As a major fan of early science fiction, I am ashamed to admit that I had never read The Time Machine before now. To some extent, I guess I did not feel that I had to because I loved the 1960 film with Rod Taylor and Yvette Mimieux so much that I watched it every time it was on TV when I was a child.

Model Lost in Time
Despite my enjoyment of the film I was disappointed to find that I actually struggled to get into the book. Wells published this story in 1895 initially as a serial novel for the New Review. The story is told from the perspective of the narrator recounting a long speech made by the unnamed Time Traveller. For me, this style felt quite laboured. The narrator only provides his own narrative to set up and round off the Time Traveller’s account and it was probably this style that hindered my immersion into the story.
In terms of the plot itself, it differs a lot from the film. The Time Traveller travels to 802,701 AD to find two races descended from humans: the beautiful and aloof Eloi who frolic around the place; and the Morlocks who live in an industrialised underground society and breed the Eloi for food. Throughout the story, the Time Traveller presents the Eloi as the more human of the two races because of their compassion and gentleness. The Morlocks are seen as far less human because of their pale apelike appearance and cannibalistic ways. And yet, the Morlocks are the only creatures who have continued to have a relationship with their machinery and technology. As a child of modern society, I found that this made the Morlocks more relatable and human than the Eloi who had discarded all technology — or perhaps after years locked away in the dark, writing up my thesis I just became more Morlock-like.

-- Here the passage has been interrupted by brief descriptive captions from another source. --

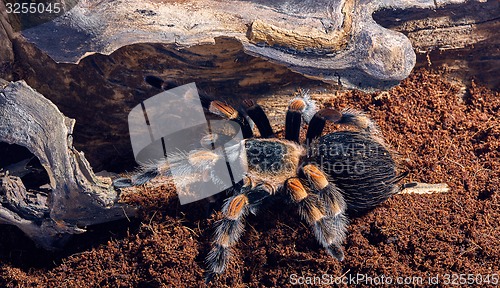 Image of Mexican red knee tarantula 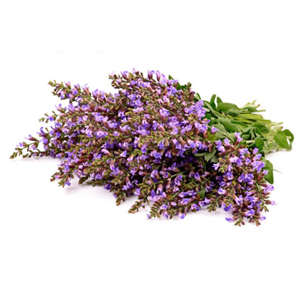 Clary Sage Botanical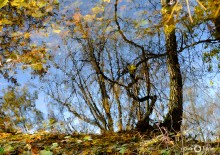 ... Mit Herbstbäume Dias Vergoldung ... / ***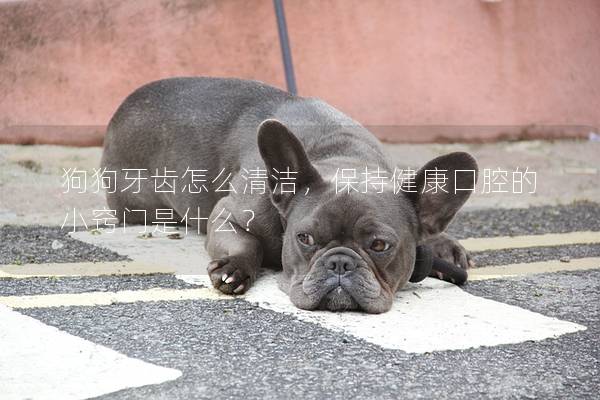 狗狗牙齿怎么清洁，保持健康口腔的小窍门是什么？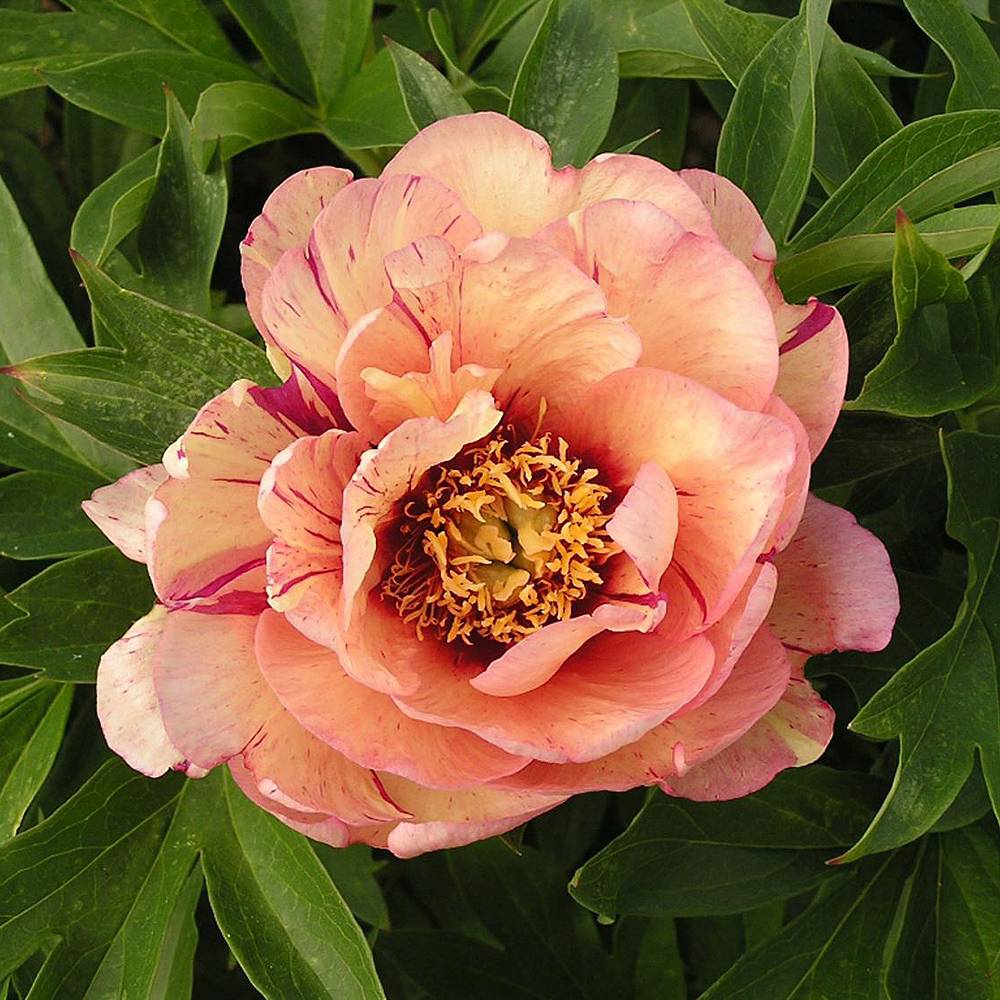 Peony 'callies Memory' Plants 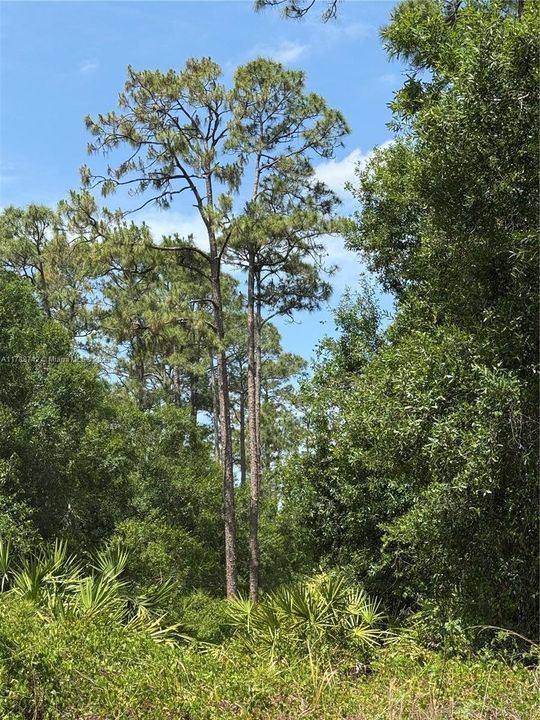 Недавно продано: $52,500 (1.28 acres)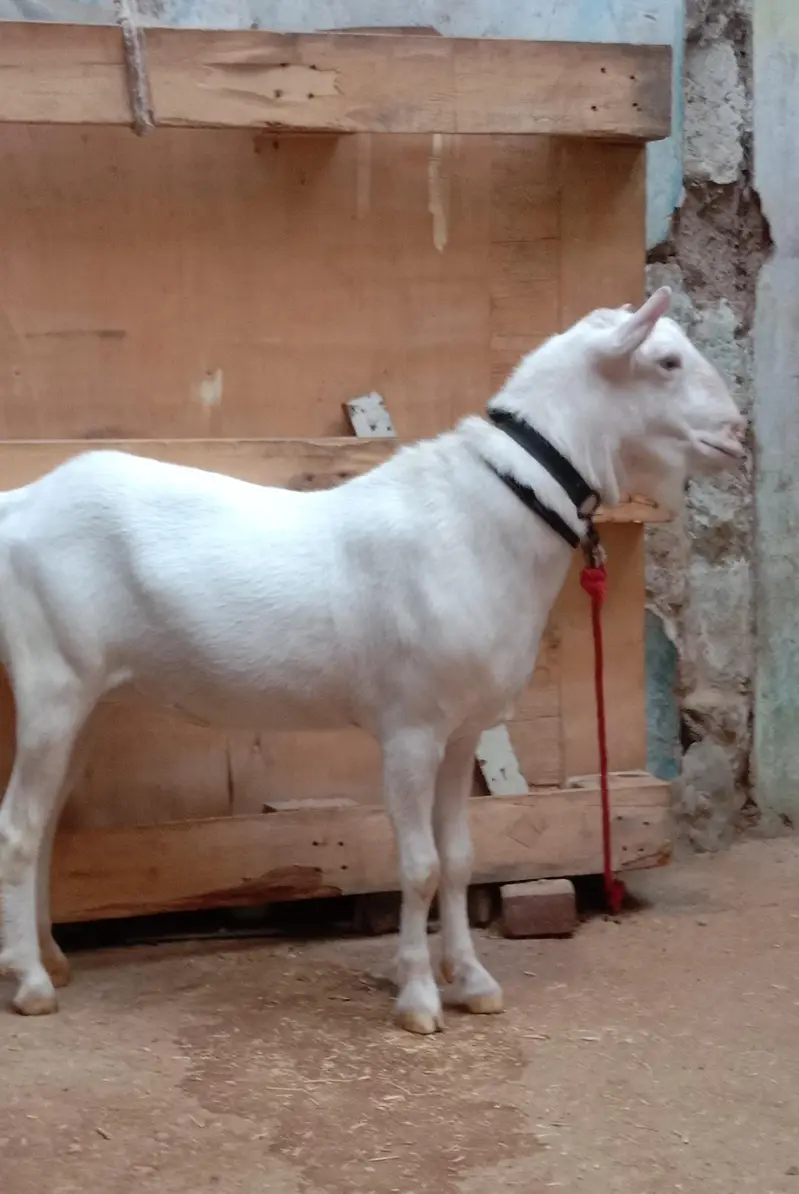 Goat for sale — photo 2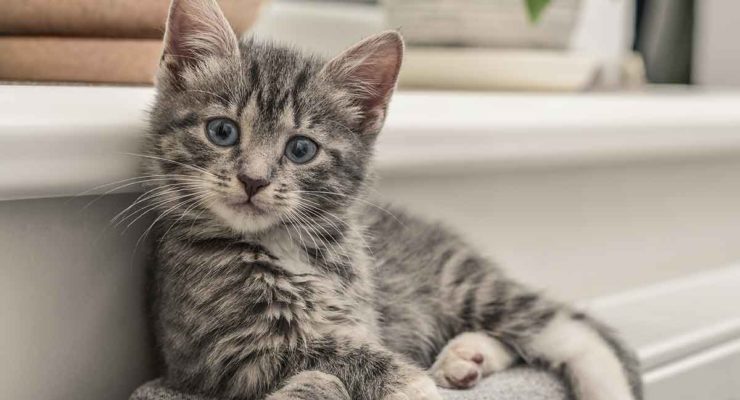 black gray tabby cat black gray tabby cat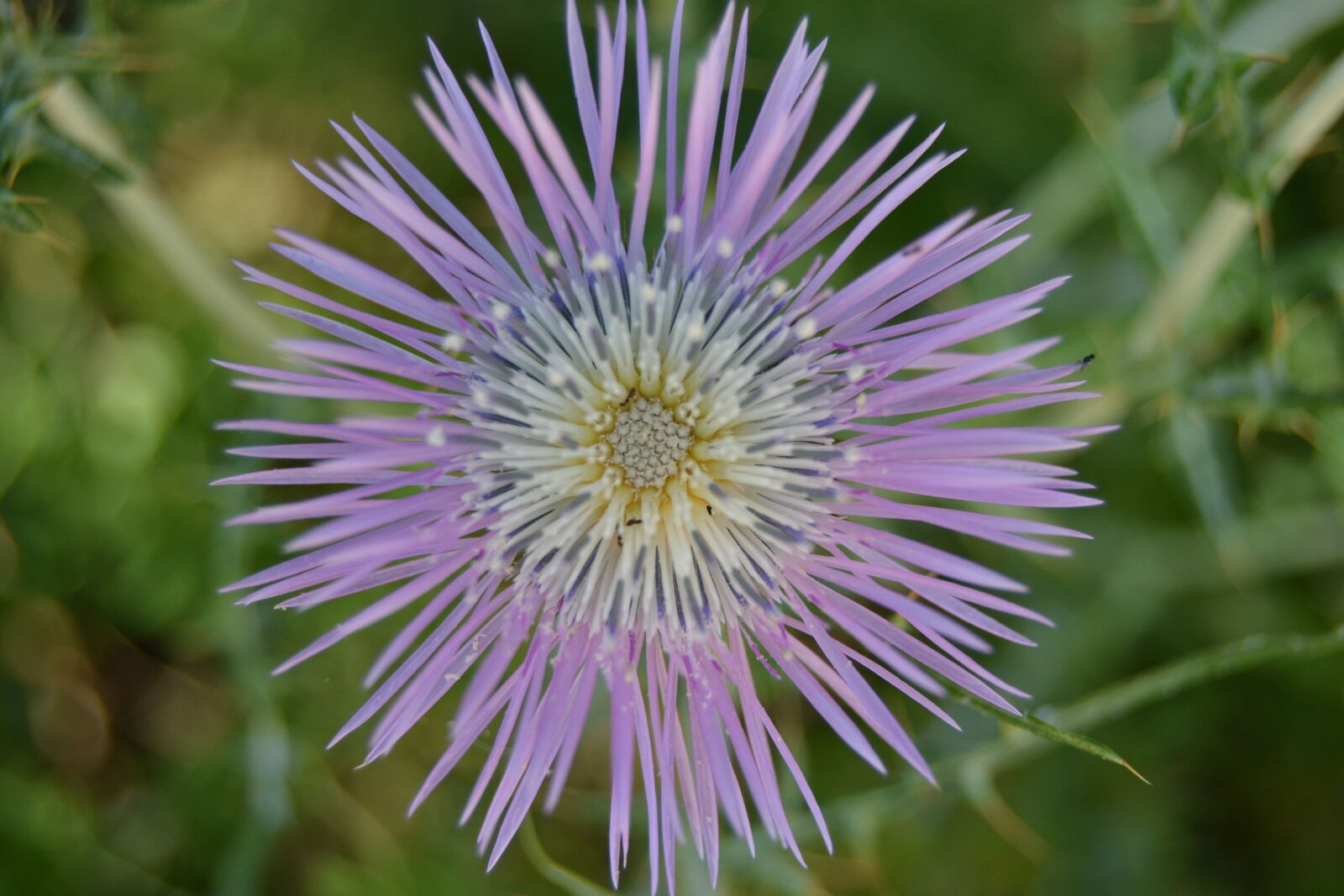 Nikon D3100 sample photo. Flower, violet, spring, 2, wildflower photography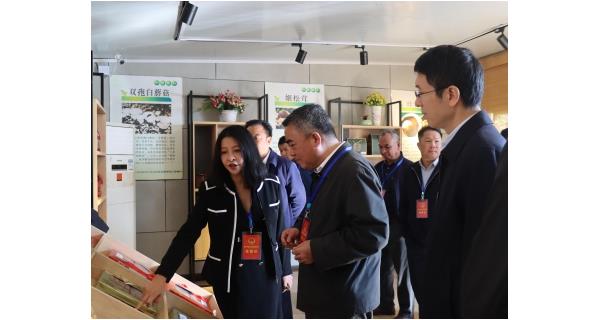 自治區(qū)水利廳黨組書記、廳長楊焱一行來到公司食用菌基地調(diào)研，了解現(xiàn)代特色農(nóng)業(yè)發(fā)展情況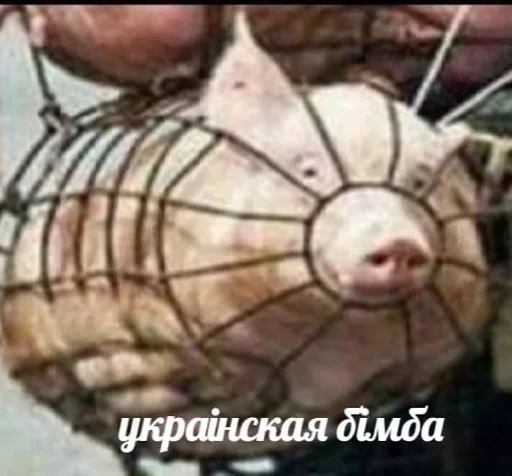 млекопитающее животное свинья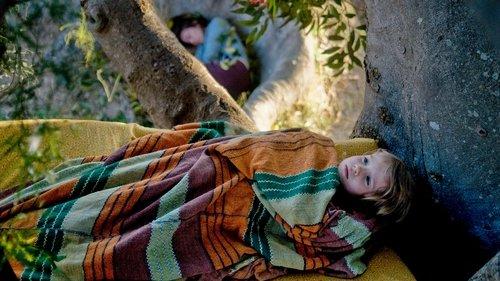 Tėve mūsų, kuris esi medyje filmas žiurėti online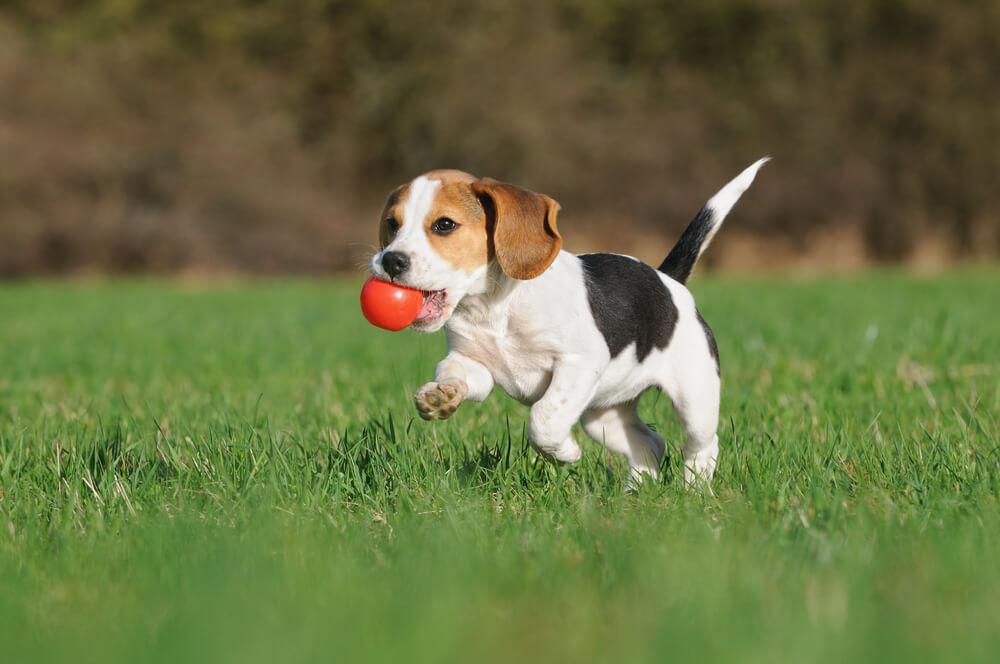 does a beagle make a good house dog?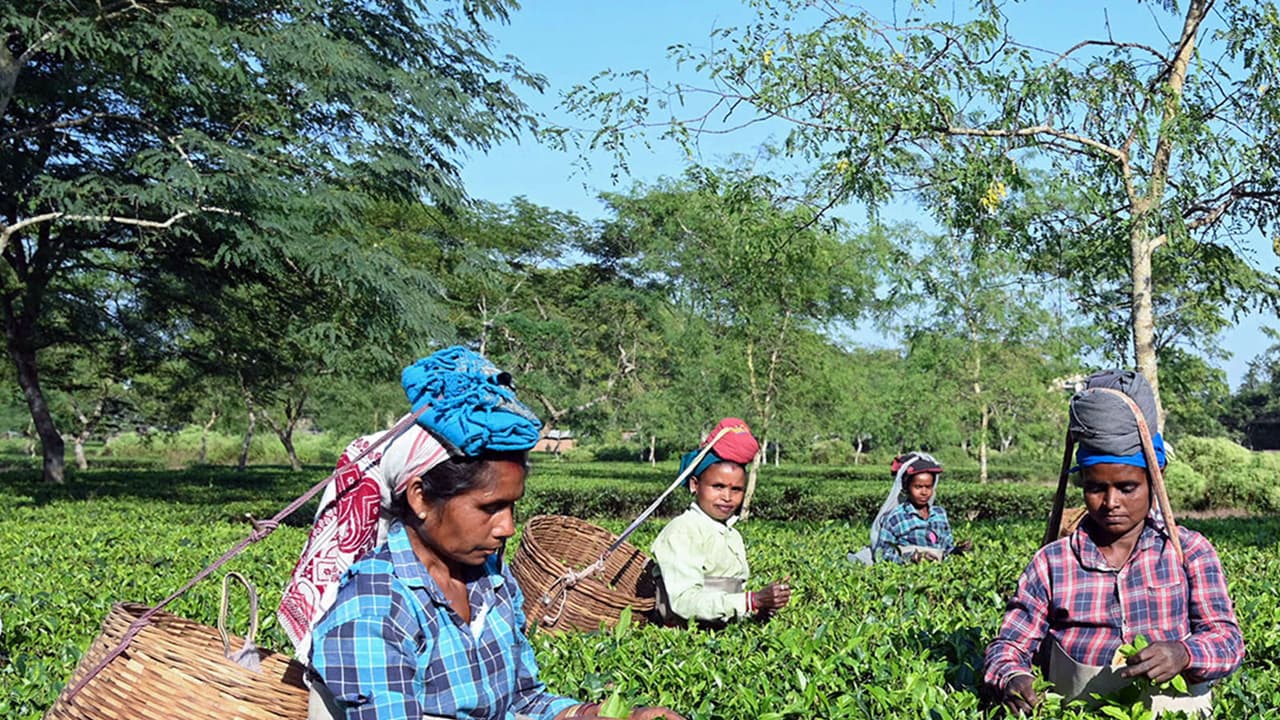 Representative image (Photo/ANI) Representative image (Photo/ANI)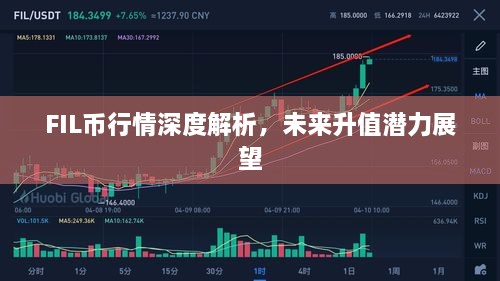 FIL币行情深度解析，未来升值潜力展望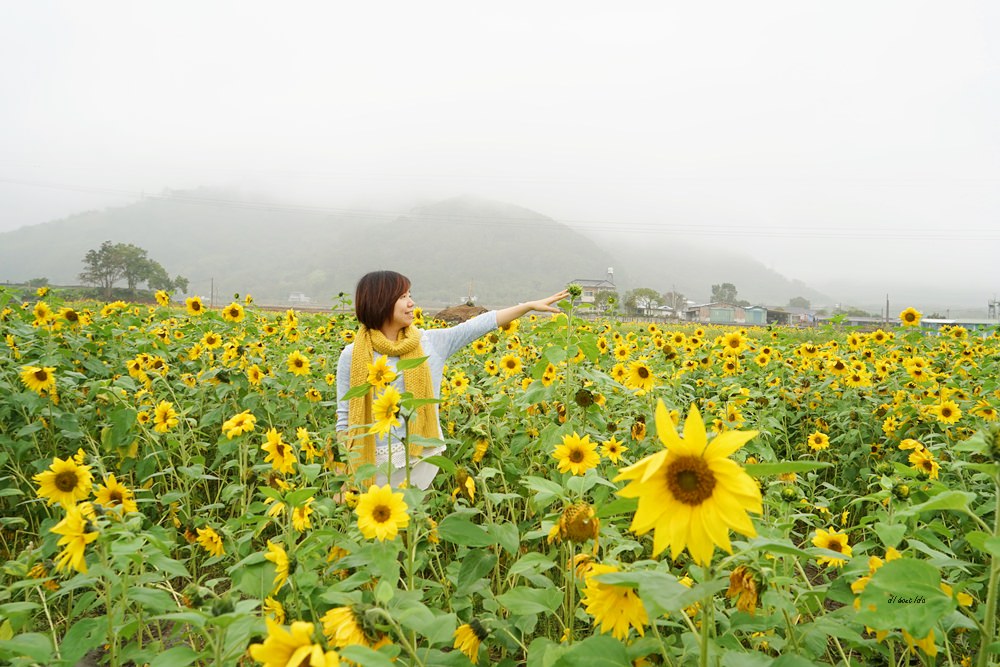 台東關山 親山農園採草莓 吃草莓冰淇淋 還有IG熱門景點向日葵花海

The majority of the novel recounts the Time Traveller’s attempts to engage with the Eloi (who take almost no interest in him) and explore the dilapidated, future landscape of London. Towards the middle, the Time Traveller realises that the Morlocks have stolen his Time Machine and the Time Traveller violently and aggressively seeks to get it back. What is interesting about this is that the Time Traveller spent a long time trying to communicate with the Eloi who greeted him by tugging and pulling on his clothes, and yet makes no effort to communicate with the Morlocks who also greet him by tugging and pulling at his clothes but when they start grabbing at him he tries to kill them even before he realises they consume the Eloi.

Morlock Shake
Despite the claustrophobic descriptions of the encounters with the Morlocks underground, I never felt any real sense of danger throughout the novel (the encounters were often over before any real sense of danger emerged) until the end. After wresting the machine back from the Morlocks, the Time Traveller goes a further thirty million years forward in time (which made no sense to me as an escape plan). In the very distant future, Wells presents a subtly terrifying eschatological vision. The Earth appears to have stopped rotating, the sun is an enormous, red and dead presence dominating the sky. The tides have stopped and any trace of civilisation is long gone. Throughout this time I got greatly concerned that the Time Traveller’s lungs were going to explode or that he would suffocate to death. Clearly, I had forgotten that he was telling the story of his past adventures in the present after he had returned largely unscathed from the future. I think.
Whilst I struggled to immerse myself into Wells’ world at the start of the novel, largely because of my own issues with the style of the text, I did become engrossed in the story towards the end. And Wells’ depiction of the future stands out as one that is well-thought-out and has survived the test of time. Wells’ reputation as a visionary of the future is well deserved 122 years in the future because of this. His prose and language are dated, but not so that it is unreadable. There is a nostalgic feel to his writing and that makes for quite a pleasant dichotomy.